Originally uploaded at SSRN

Abstract

The main argument of this Article is that the gravest threat to civil liberties during a public health emergency (PHE) stems from federal powers premised on post-9/11 national security justifications, not putative state powers under the Model State Emergency Health Powers Act (MSEHPA). While I concur with earlier assessments that the MSEHPA is seriously flawed and that PHEs should be construed as primarily federal issues, going forward, more critical attention needs to be focused on the federal role during PHEs as the initially alarming MSEHPA appears to be more of a paper tiger. First, as the responses to Hurricane Katrina and recent flu pandemic threats have demonstrated, the concept that the states’ police power will remain the locus of power during future PHEs is outdated. Second, the federal government possesses core security capabilities that enable surveillance and detention measures unmatched by any state. Third, and most importantly, the Obama Administration appears to be normalizing a national security legal framework introduced by the previous Bush Administration that grants federal actors expansive powers to curtail the liberties of individuals with correspondingly little accountability.

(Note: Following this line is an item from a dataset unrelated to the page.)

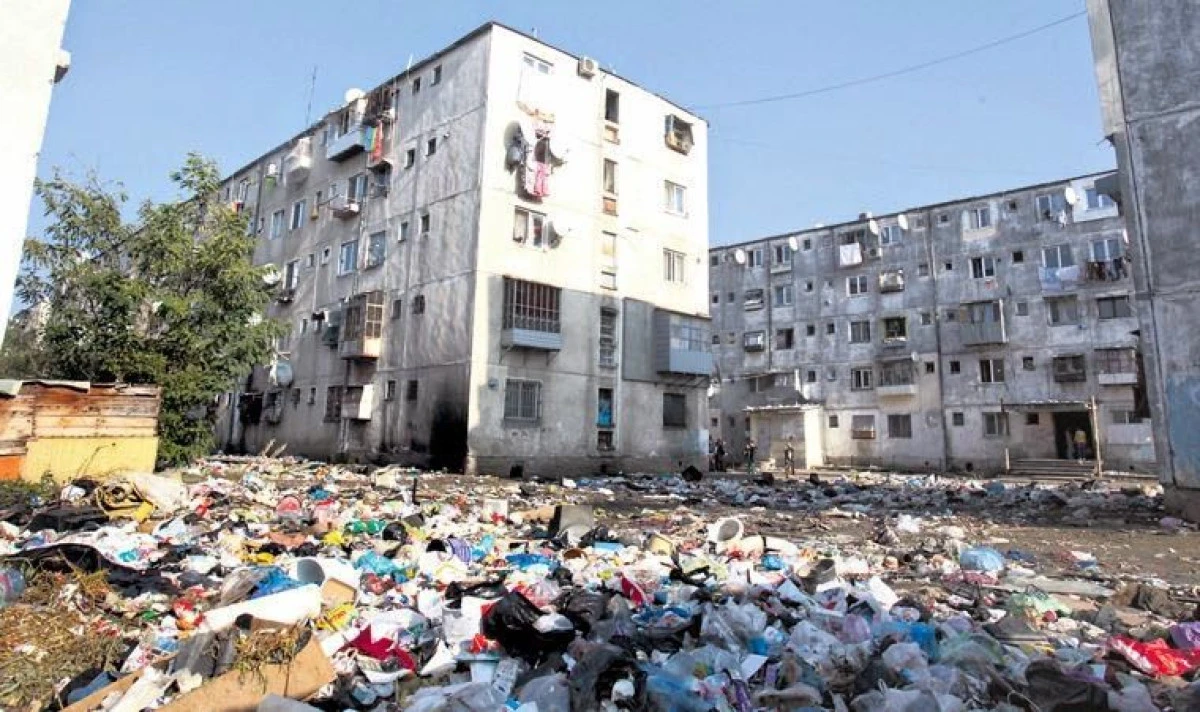 ARADUL DEVINE CAPITALA EUROPEANĂ A GUNOAIELOR. CONTRACTUL DE SALUBRIZARE EXPIRĂ ÎN CÂTEVA ZILE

This Article advocates for balanced public health emergency policies that both secure public safety and respect individual civil liberties. As President Obama indicated in his inauguration address, these goals are not mutually exclusive. Arbitrary and abusive measures against individual and group liberty are grave harms in and of themselves and are much more likely to occur in the context of unaccountability. In turn, reasonable fear of such measures during an emergency will undermine trust and voluntary compliance, which will only worsen the public health crisis. Part I of this Article describes conditions that will make greater federal involvement inevitable during future public health emergencies. Part II examines the lasting danger presented by the convergence of national security and public health emergency policies that occurred during the Bush Administration. Given this convergence, Part III analyzes the Obama Administration’s position that official actions implicating national security matters are beyond judicial review and suggests this stance is a cause for serious concern in the context of public health emergencies.